Crawled caption data:
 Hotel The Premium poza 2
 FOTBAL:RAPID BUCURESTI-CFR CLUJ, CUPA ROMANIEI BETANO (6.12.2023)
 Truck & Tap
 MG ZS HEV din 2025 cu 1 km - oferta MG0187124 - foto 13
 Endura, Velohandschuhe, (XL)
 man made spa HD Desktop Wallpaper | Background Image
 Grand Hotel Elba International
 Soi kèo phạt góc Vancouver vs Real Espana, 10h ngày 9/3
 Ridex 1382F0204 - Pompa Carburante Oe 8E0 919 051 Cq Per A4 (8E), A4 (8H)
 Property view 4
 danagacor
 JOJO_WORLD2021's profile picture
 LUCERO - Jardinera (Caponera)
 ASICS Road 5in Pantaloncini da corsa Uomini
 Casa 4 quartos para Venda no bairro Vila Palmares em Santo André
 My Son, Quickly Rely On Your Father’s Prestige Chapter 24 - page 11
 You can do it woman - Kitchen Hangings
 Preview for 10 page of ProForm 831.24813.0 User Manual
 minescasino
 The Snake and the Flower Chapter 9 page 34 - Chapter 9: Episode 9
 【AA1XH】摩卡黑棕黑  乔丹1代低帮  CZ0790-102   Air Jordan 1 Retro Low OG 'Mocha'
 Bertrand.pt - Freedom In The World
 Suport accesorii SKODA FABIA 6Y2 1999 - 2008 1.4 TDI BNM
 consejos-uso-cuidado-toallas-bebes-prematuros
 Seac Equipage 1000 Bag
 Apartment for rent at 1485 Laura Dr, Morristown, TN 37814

**EXERCISE REQUIREMENTS**
Starting at the line that contains "Truck & Tap" and stopping after the line that contains "JOJO_WORLD2021's profile picture", write out every line exactly as it appears above, and no other line.

**RESPONSE TO THE EXERCISE**
 Truck & Tap
 MG ZS HEV din 2025 cu 1 km - oferta MG0187124 - foto 13
 Endura, Velohandschuhe, (XL)
 man made spa HD Desktop Wallpaper | Background Image
 Grand Hotel Elba International
 Soi kèo phạt góc Vancouver vs Real Espana, 10h ngày 9/3
 Ridex 1382F0204 - Pompa Carburante Oe 8E0 919 051 Cq Per A4 (8E), A4 (8H)
 Property view 4
 danagacor
 JOJO_WORLD2021's profile picture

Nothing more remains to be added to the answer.